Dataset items
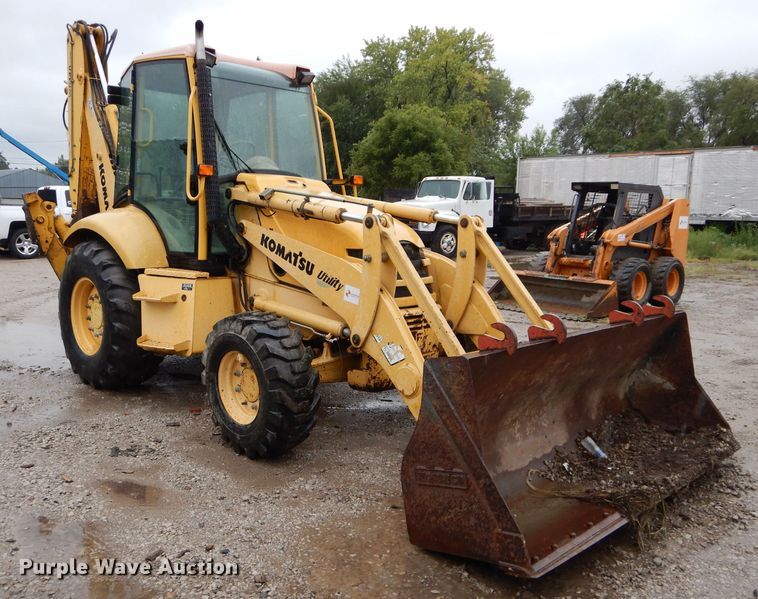 image for item DI8273 2000 Komatsu WB140-2  backhoe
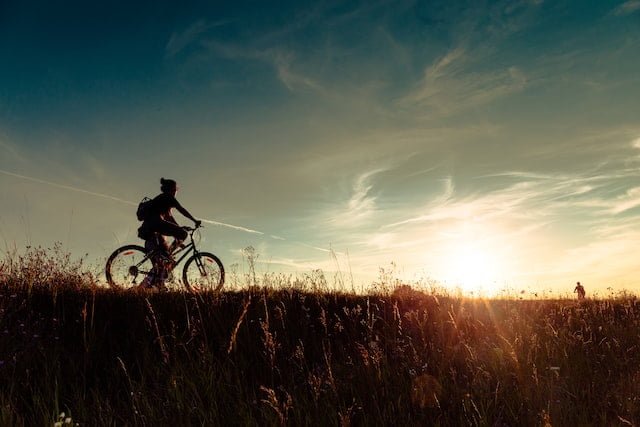 Photo of a person riding a bicycle on a hill during a sunset
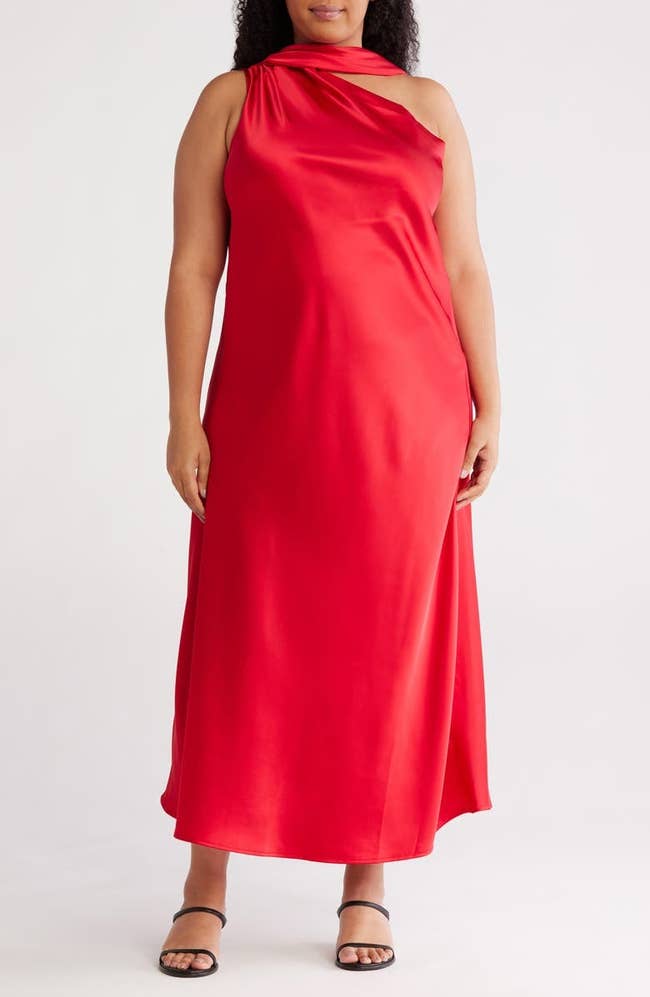 Model wearing a sleeveless, draped, one-shoulder red dress, paired with simple black sandals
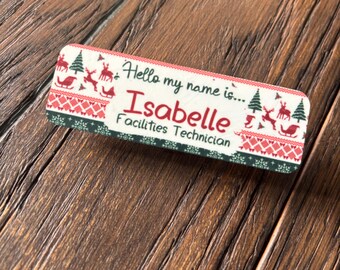 May include: A rectangular name tag with a festive Christmas design. The tag features the name "Isabelle" and the title "Facilities Technician." The design includes reindeer, Christmas trees, and a red and green pattern.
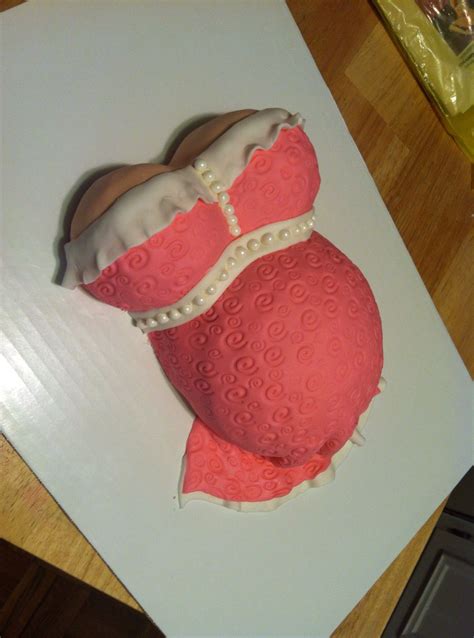 pink fondant pregnant belly cake i made with white ruffle and pearl embellishments the design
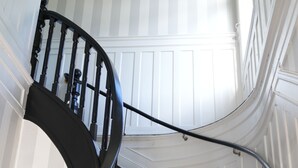 Un escalier en colimaçon avec des balustrades noires et des murs blancs.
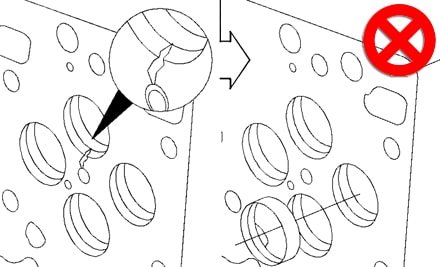 Головка блока цилиндров с трещиной - трещина проходит через седло клапана или за него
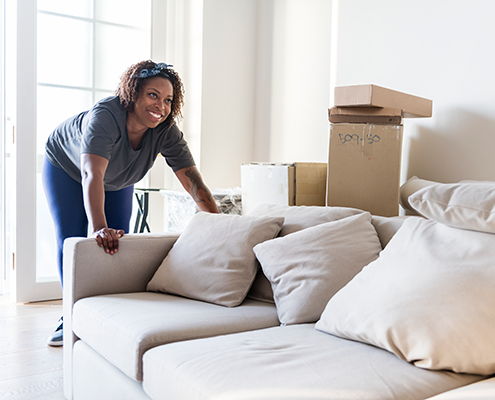 Young woman moving into new home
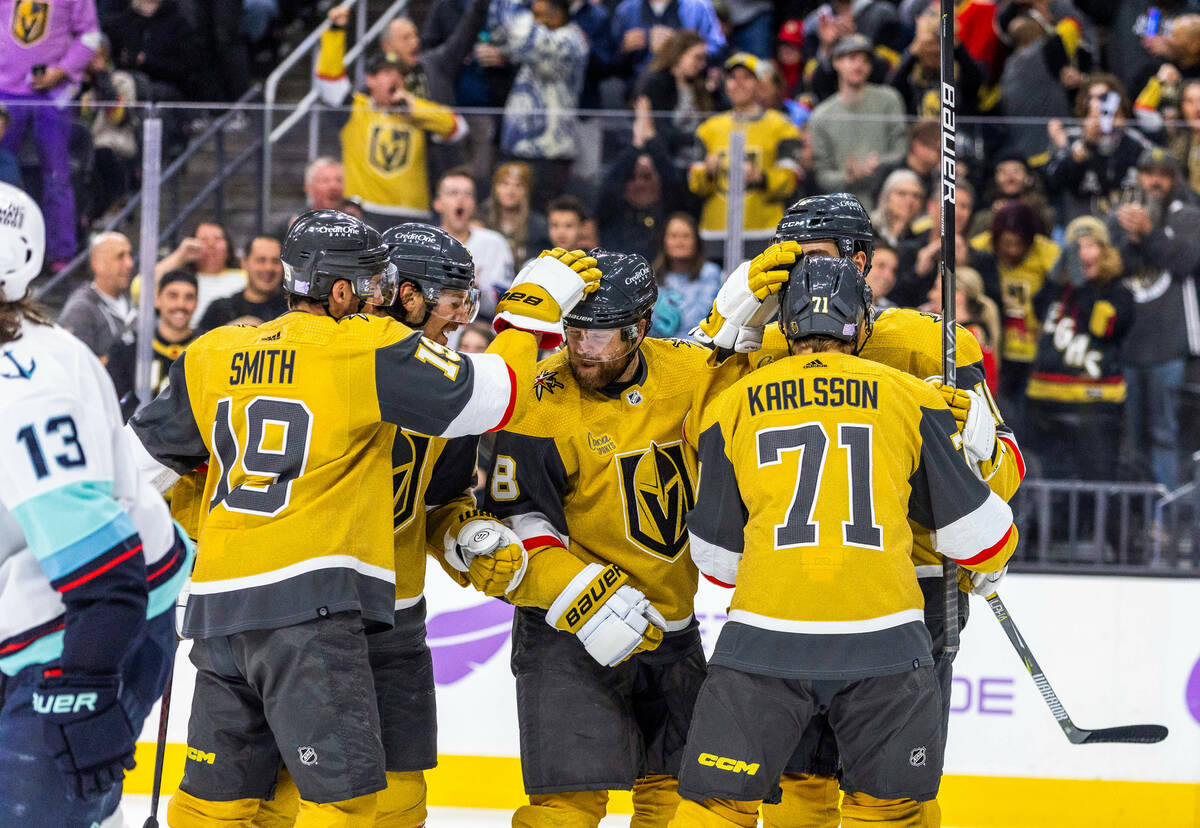 Golden Knights center Phil Kessel (8) and teammates celebrate a score over the Seattle Kraken d ...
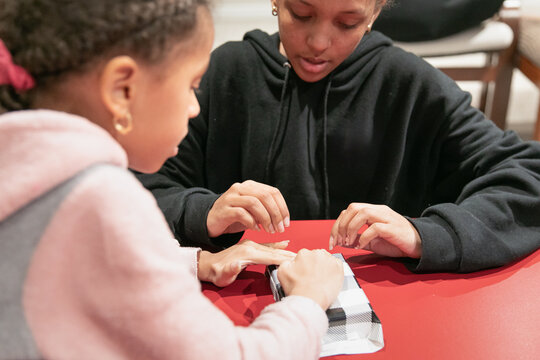 Two young sisters working together to gift wrap an item.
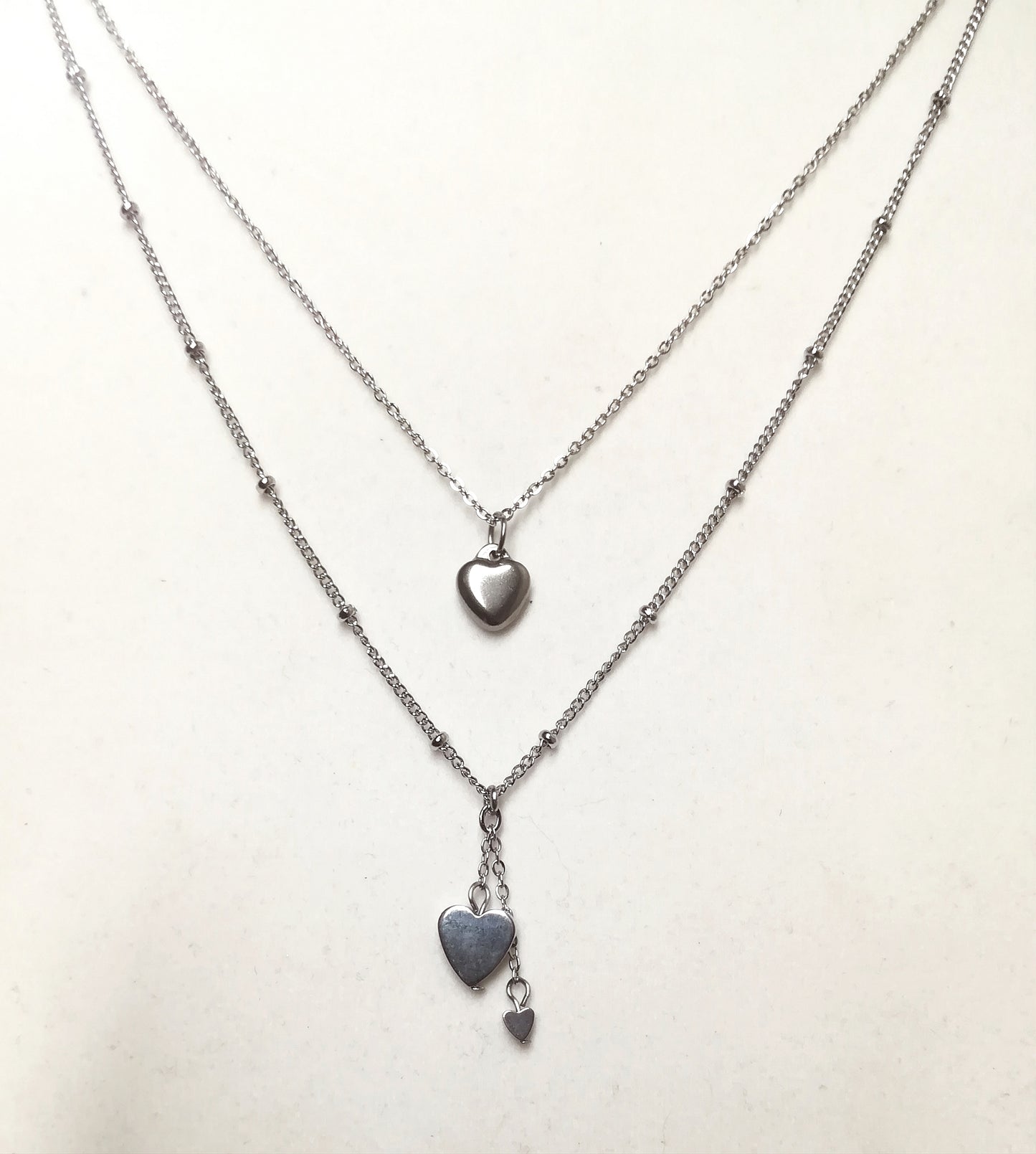 Collier double "petits coeurs"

— GOAL OF THE EXERCISE —
Set down exactly the lines between the line containing "Головка блока цилиндров" and the end of the records above, both ends included; pictures stay out.

— WRITTEN RESPONSE —
 Головка блока цилиндров с трещиной - трещина проходит через седло клапана или за него
 Young woman moving into new home
 Golden Knights center Phil Kessel (8) and teammates celebrate a score over the Seattle Kraken d ...
 Two young sisters working together to gift wrap an item.
 Collier double "petits coeurs"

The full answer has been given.